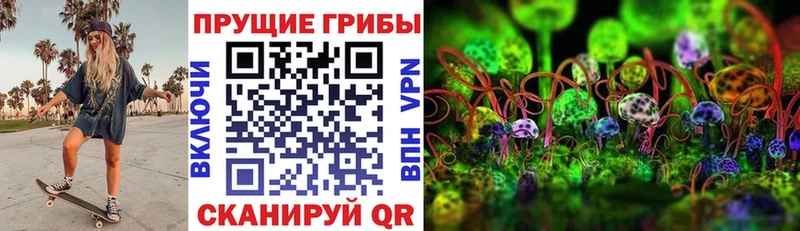 мега зеркало Городовиковск Галлюциногенные грибы Psilocybe даркнет сайт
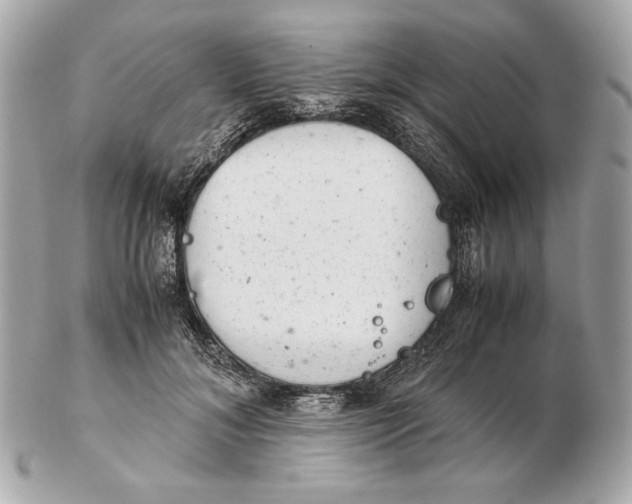 X0000102480700200808291627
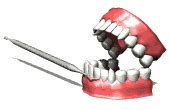 مجلة تقويم الأسنان: Dental Anatomy Coloring Book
= = = =
* Task objective *
Apart from the pictures, restate all of the listing above exactly.

* Response below *
 мега зеркало Городовиковск Галлюциногенные грибы Psilocybe даркнет сайт
 X0000102480700200808291627
 مجلة تقويم الأسنان: Dental Anatomy Coloring Book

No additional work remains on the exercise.